Image-caption web data
══════════════════════════════
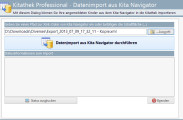 Importdialog für den Kita-Navigator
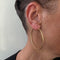 Boucles d'oreilles Boucles d'oreilles créoles grandes en or jaune 18 ct 58 Facettes 41064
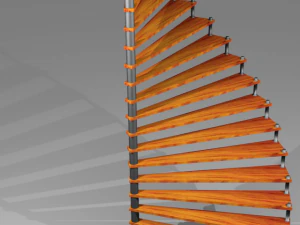 гвинтові сходи 3D Модель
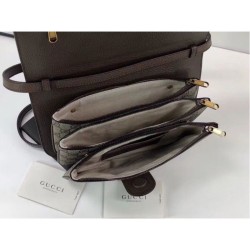 Riproduzione Fedele Ophidia GG messenger bag 548304 Caffè scuro imitazioni Replica Alta Qualità Ophidia GG messenger bag 548304 Caffè scuro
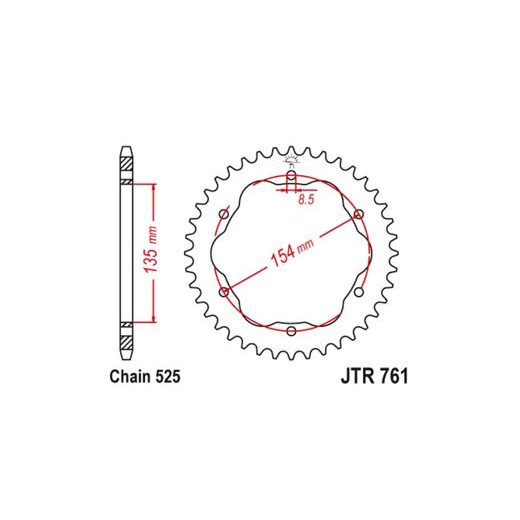 OCEĽOVÁ ROZETA PRE SEKUNDÁRNE REŤAZY TYPU 525, JT (39 ZUBOV)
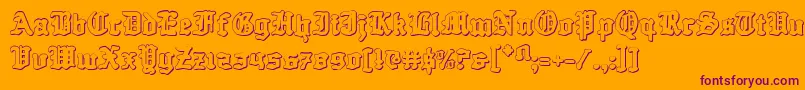Quest Knight 3D Font – Purple Fonts on Orange Background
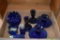 Blue Salt and Pepper, Candle Stick Holder, Misc.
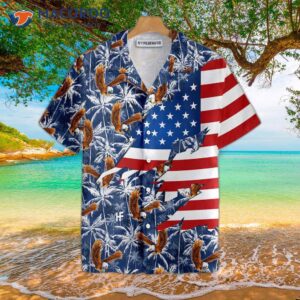 american eagle palm tree hawaiian shirt 2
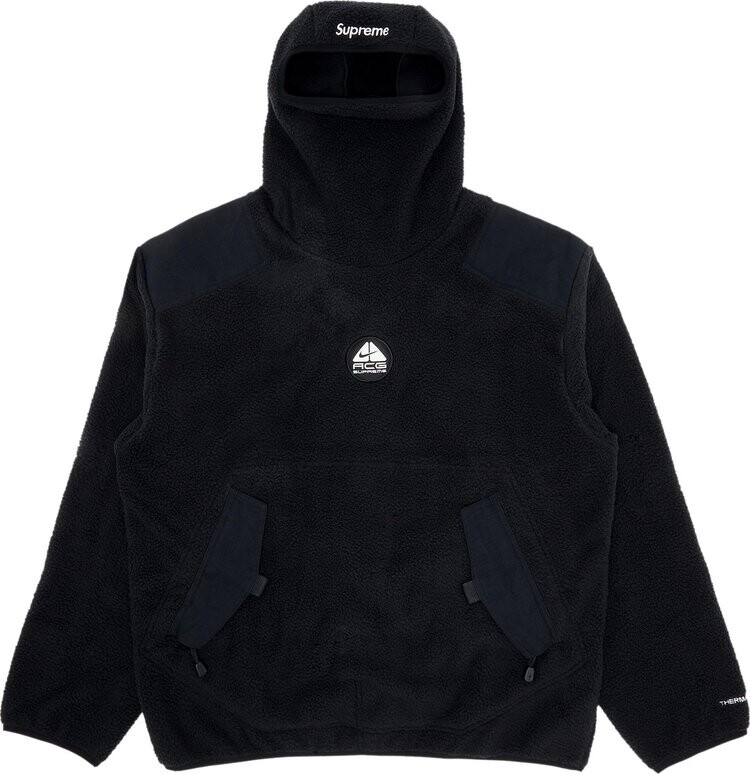 

Пуловер Supreme x Nike ACG Fleece Pullover 'Black', черный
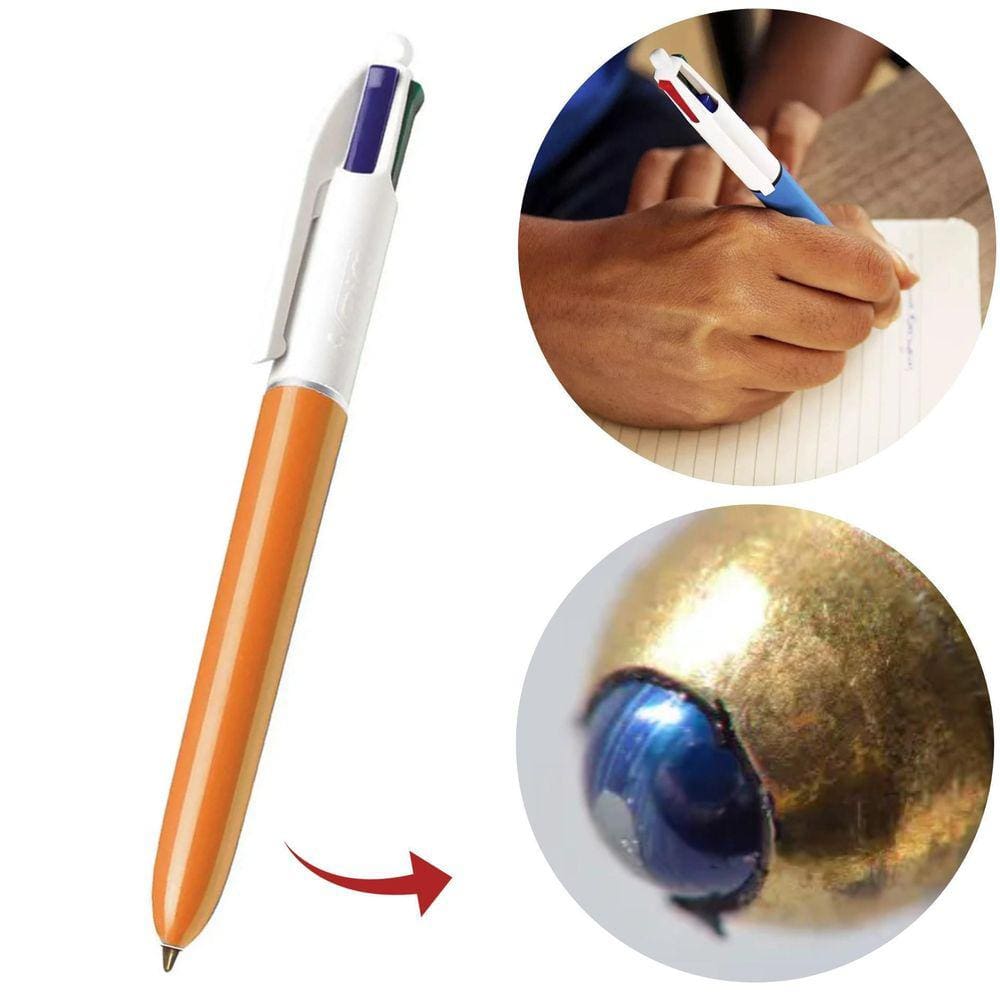 Caneta Esferográfica Retrátil Bic 4 Cores Fine 0.8Mm 4 Em 1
══════════════════════════════
__Action item__
Retype, exactly and only, the lines from the one containing "Quest Knight 3D" through the end of the entries, both ends included, and omit all pictures.

__Exercise result__
Quest Knight 3D Font – Purple Fonts on Orange Background
 Blue Salt and Pepper, Candle Stick Holder, Misc.
 american eagle palm tree hawaiian shirt 2

Пуловер Supreme x Nike ACG Fleece Pullover 'Black', черный
 Caneta Esferográfica Retrátil Bic 4 Cores Fine 0.8Mm 4 Em 1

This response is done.